Mitotic clustering of pulverized chromosomes from micronuclei

Complex genome rearrangements can be generated by the catastrophic pulverization of mis-segregated chromosomes trapped within micronuclei through a process known as chromothripsis. Since each chromosome harbors a single centromere, it remains unknown how acentric fragments derived from shattered chromosomes are inherited between daughter cells during mitosis. Here we tracked micronucleated chromosomes by live-cell imaging and show that acentric fragments cluster in close spatial proximity throughout mitosis for asymmetric inheritance by a single daughter cell. Mechanistically, the CIP2A-TOPBP1 complex prematurely associates with DNA lesions within ruptured micronuclei during interphase, which poises pulverized chromosomes for clustering upon mitotic entry. Inactivation of CIP2A or TOPBP1 caused acentric fragments to disperse throughout the mitotic cytoplasm, stochastically partition into both daughter cells, and mis-accumulate as cytoplasmic DNA fragments that trigger an inflammatory response.
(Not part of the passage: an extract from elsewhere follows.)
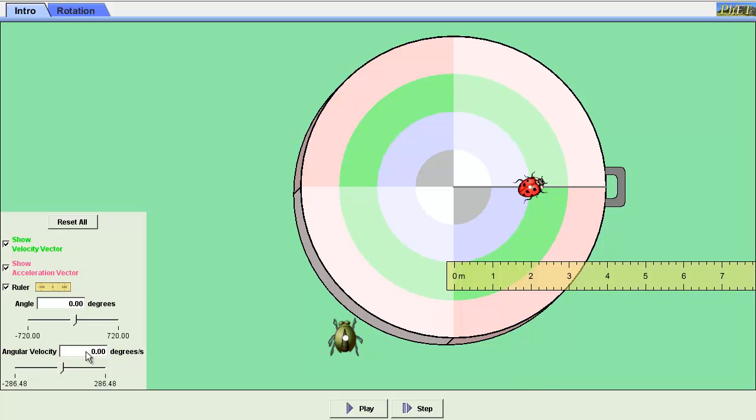What we're going to do is set an angular velocity, and that's the only thing we can actually set. I'm going to place the ladybug at 2 meters, and for the first experiment, she's just going to stay at 2 meters. So we're going to hold our radius constant, change our velocity, and see what happens to centripetal acceleration.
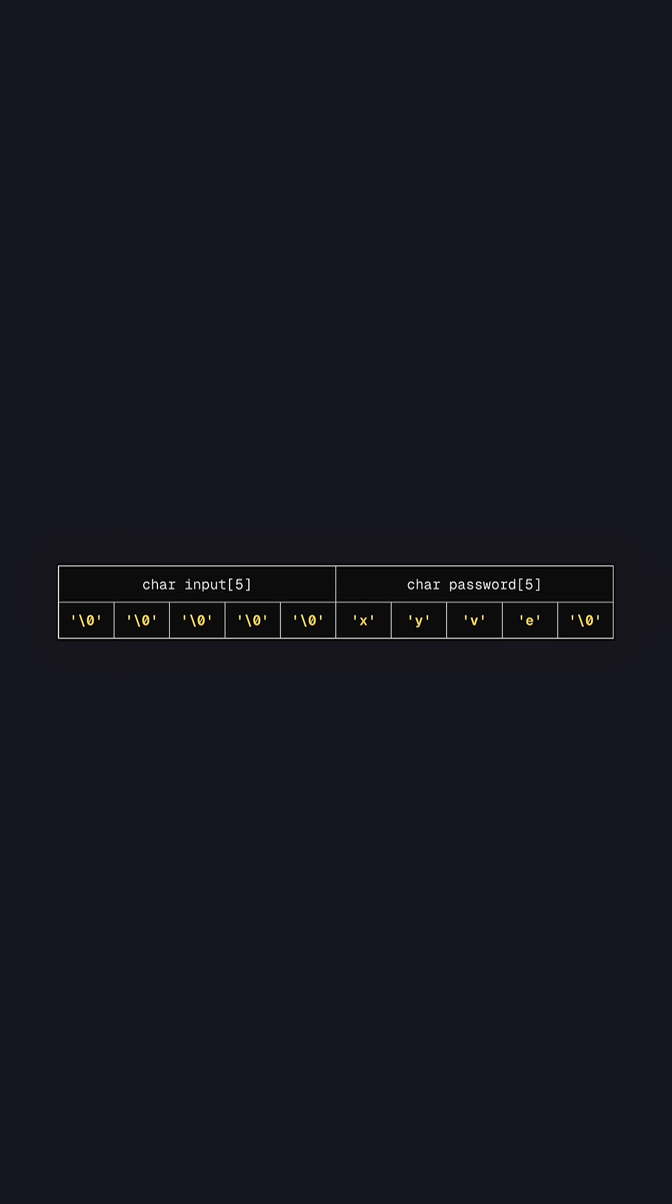Let's say quadruple a and the null terminator and quadruple a and another null terminator. We can actually override the password with whatever we want it to be. This way we can trick the program into granting us access.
Mitotic clustering facilitates the re-assembly of acentric fragments into rearranged chromosomes lacking the extensive DNA copy number losses characteristic of canonical chromothripsis. Comprehensive analysis of pan-cancer genomes revealed clusters of DNA copy number-neutral rearrangements – termed balanced chromothripsis – across diverse tumor types resulting in the acquisition of known cancer driver events. Thus, distinct patterns of chromothripsis can be explained by the spatial clustering of pulverized chromosomes from micronuclei.